Exercise aim
Everything in the listing below needs restating exactly, apart from the pictures.
***** Recorded information *****
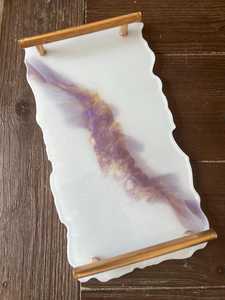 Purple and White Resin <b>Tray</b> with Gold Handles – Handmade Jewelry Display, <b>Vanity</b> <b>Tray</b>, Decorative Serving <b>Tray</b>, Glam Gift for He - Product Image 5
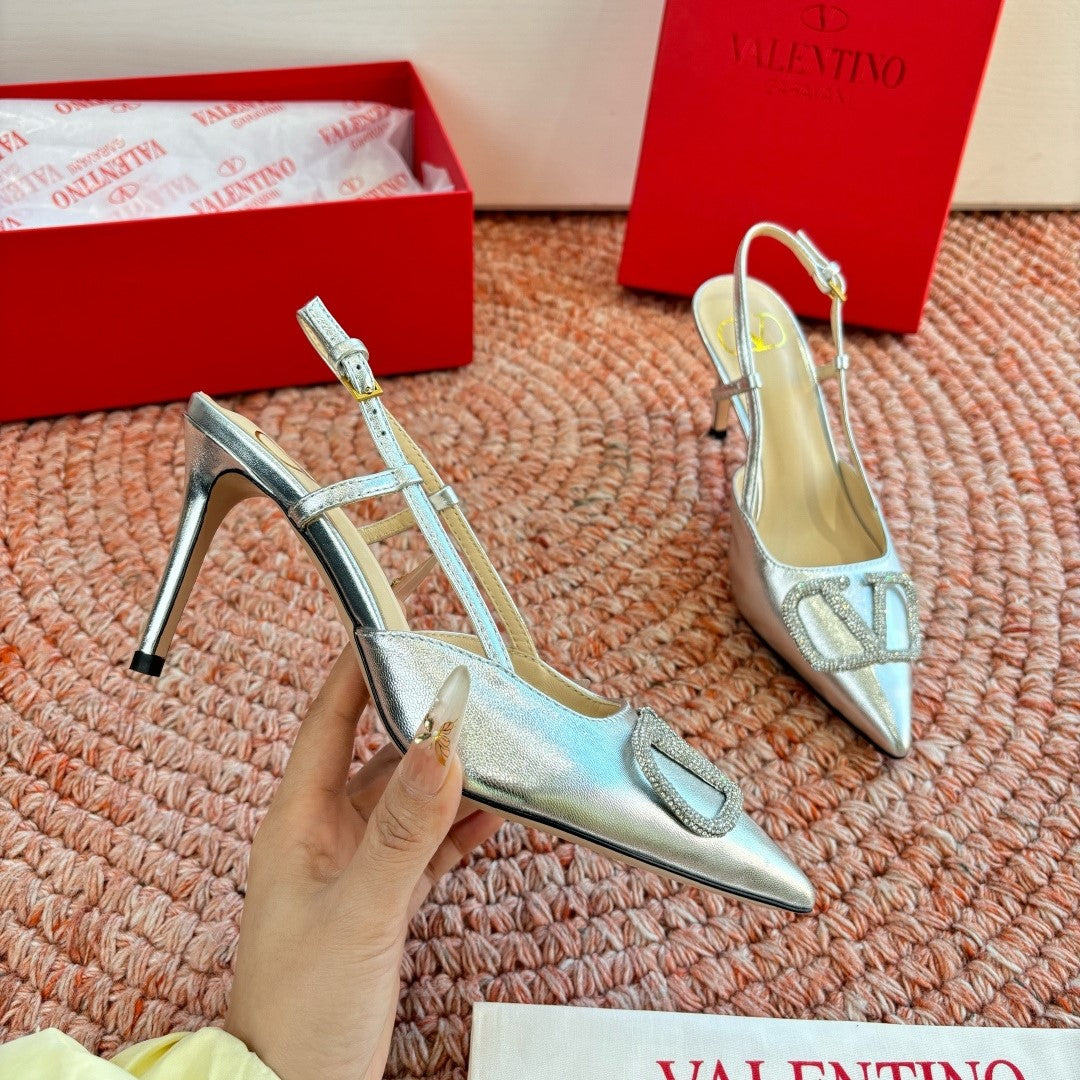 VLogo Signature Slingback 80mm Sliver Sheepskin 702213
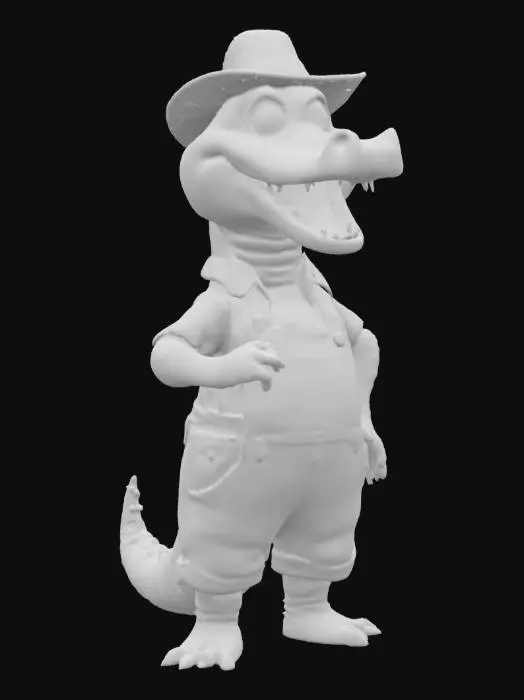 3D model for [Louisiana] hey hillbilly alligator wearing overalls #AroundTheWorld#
*****
Result for this task
 Purple and White Resin <b>Tray</b> with Gold Handles – Handmade Jewelry Display, <b>Vanity</b> <b>Tray</b>, Decorative Serving <b>Tray</b>, Glam Gift for He - Product Image 5
 VLogo Signature Slingback 80mm Sliver Sheepskin 702213
 3D model for [Louisiana] hey hillbilly alligator wearing overalls #AroundTheWorld#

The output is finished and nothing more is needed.